- [Brief] Go through the listing below and write out exactly the lines from the one that mentions "LAKEVIEW COURTS - Residential" through the one that mentions "Venum x Assassin’s", minus the pictures.

- [Exercise data]

==================================================

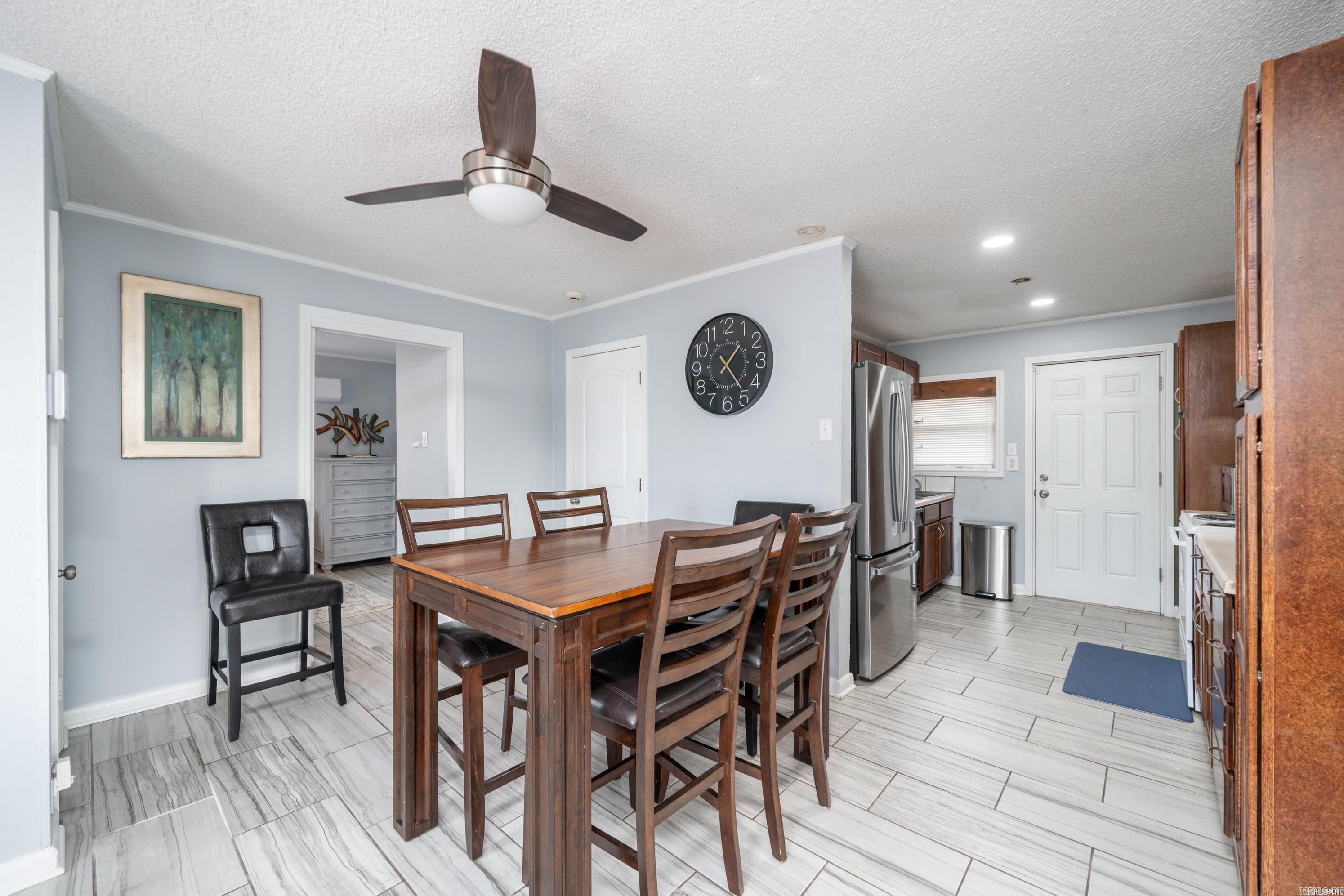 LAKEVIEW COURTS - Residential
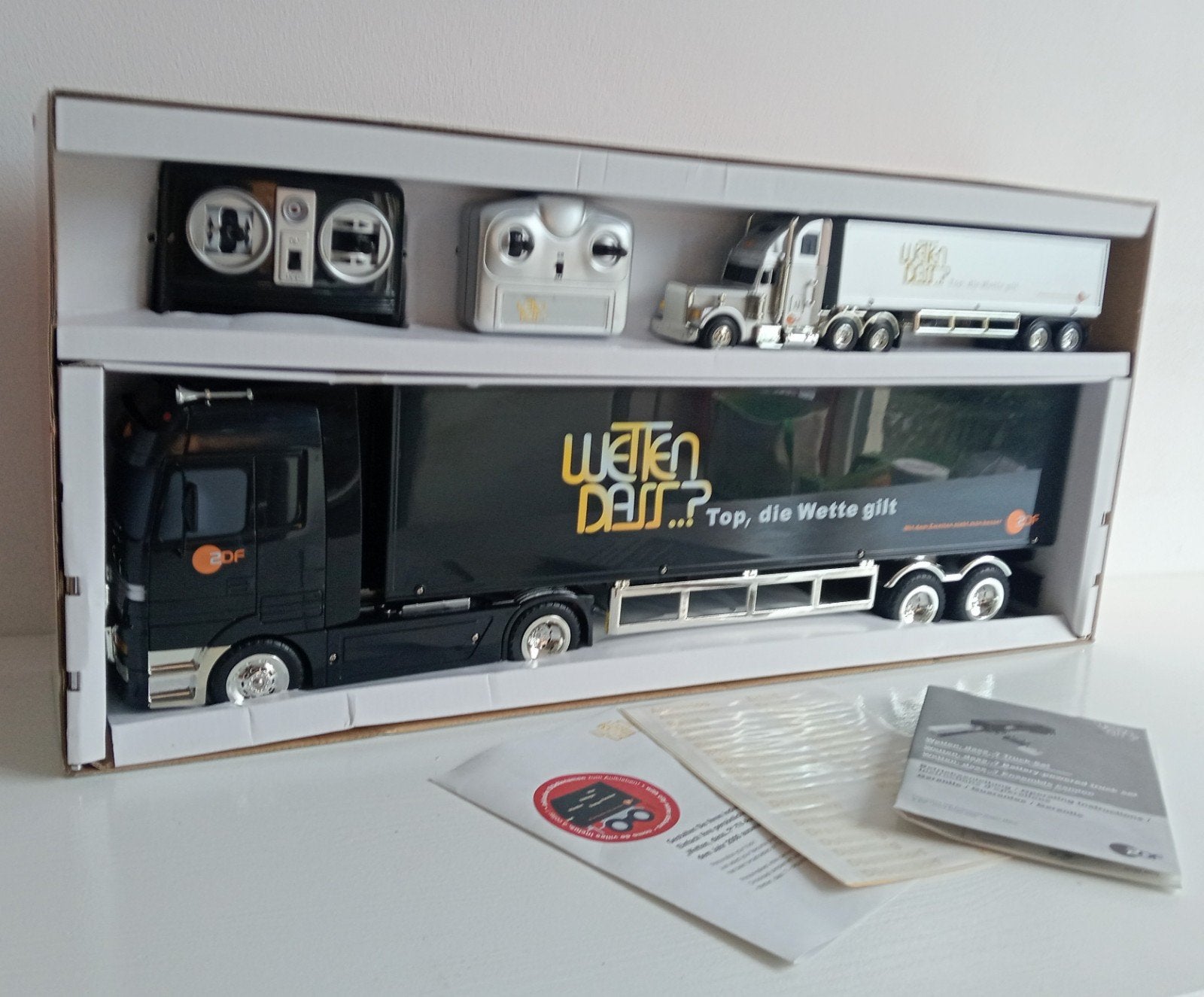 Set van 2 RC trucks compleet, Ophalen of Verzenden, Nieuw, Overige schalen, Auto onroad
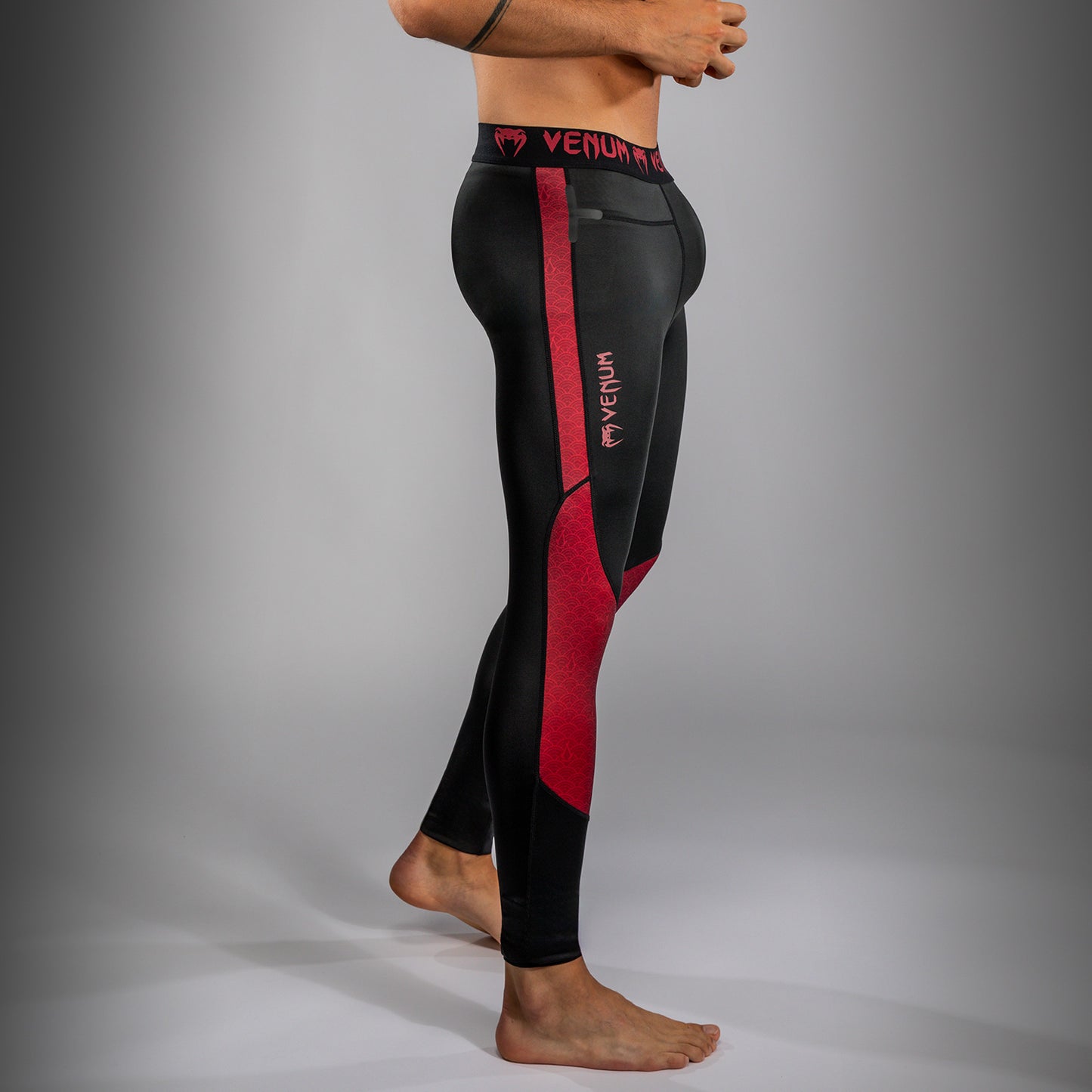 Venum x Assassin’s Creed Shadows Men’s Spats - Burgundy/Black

==================================================

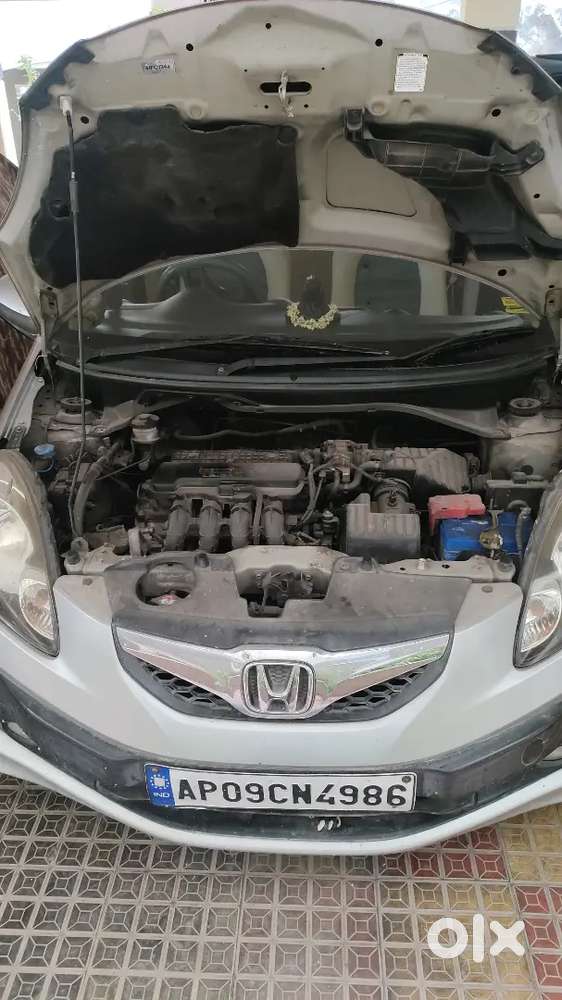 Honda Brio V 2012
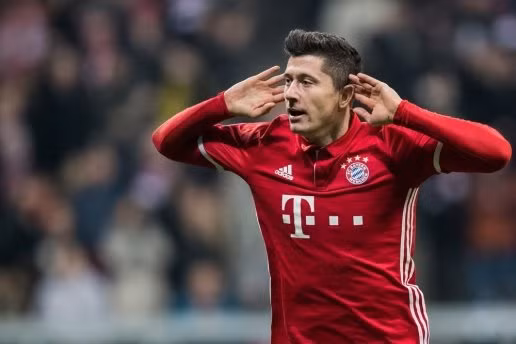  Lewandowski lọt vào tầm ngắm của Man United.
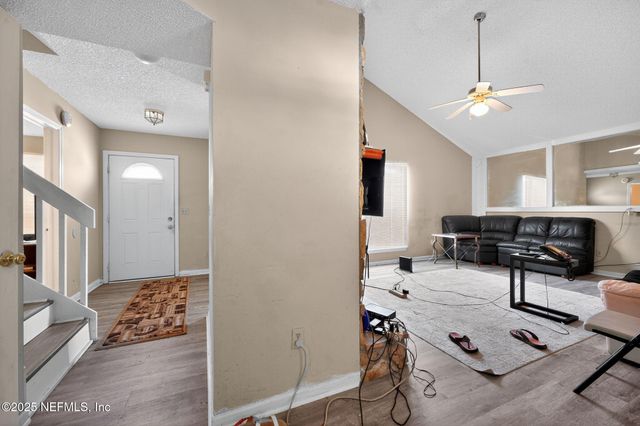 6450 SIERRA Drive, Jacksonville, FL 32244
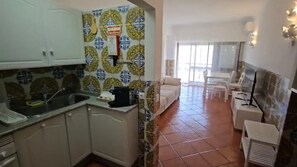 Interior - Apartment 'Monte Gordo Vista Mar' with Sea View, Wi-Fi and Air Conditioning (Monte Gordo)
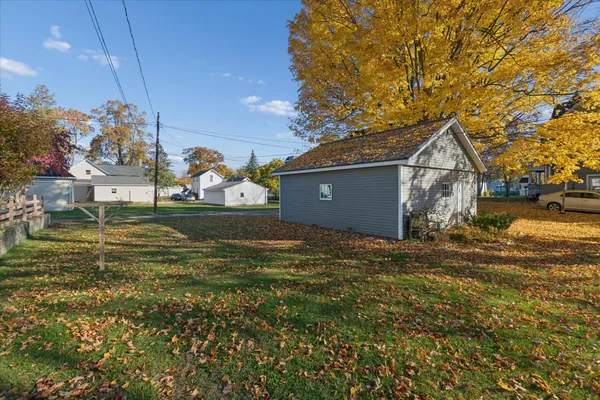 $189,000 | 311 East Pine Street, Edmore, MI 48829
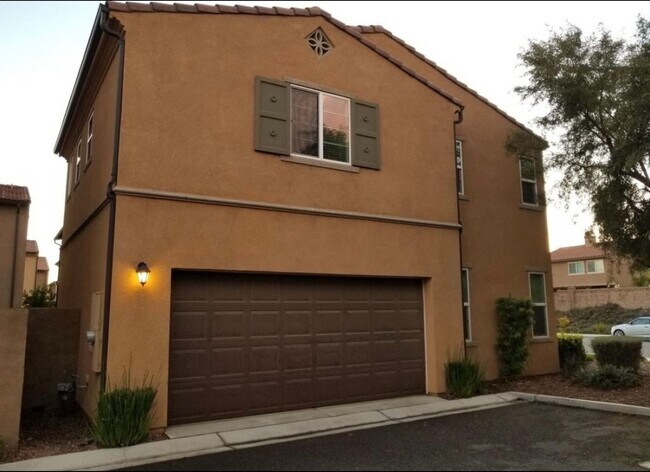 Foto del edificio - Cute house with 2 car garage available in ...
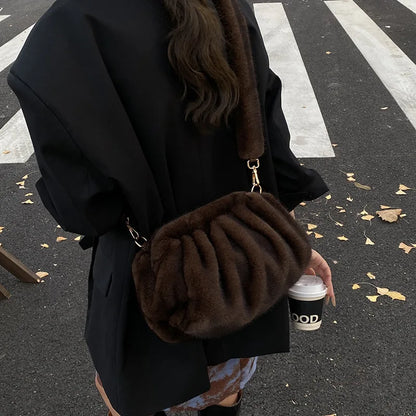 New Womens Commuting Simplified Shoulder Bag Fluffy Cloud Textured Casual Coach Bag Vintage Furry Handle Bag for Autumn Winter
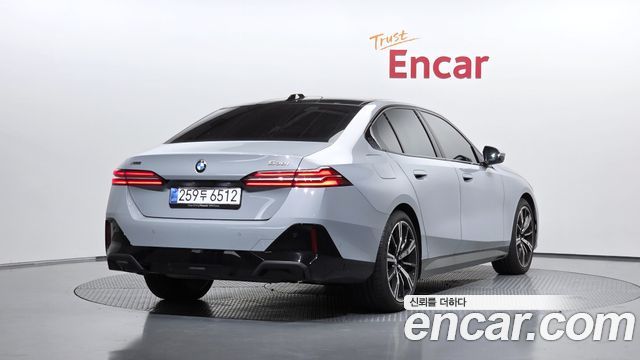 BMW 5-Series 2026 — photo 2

==================================================

- [Written response]
 LAKEVIEW COURTS - Residential
 Set van 2 RC trucks compleet, Ophalen of Verzenden, Nieuw, Overige schalen, Auto onroad
 Venum x Assassin’s Creed Shadows Men’s Spats - Burgundy/Black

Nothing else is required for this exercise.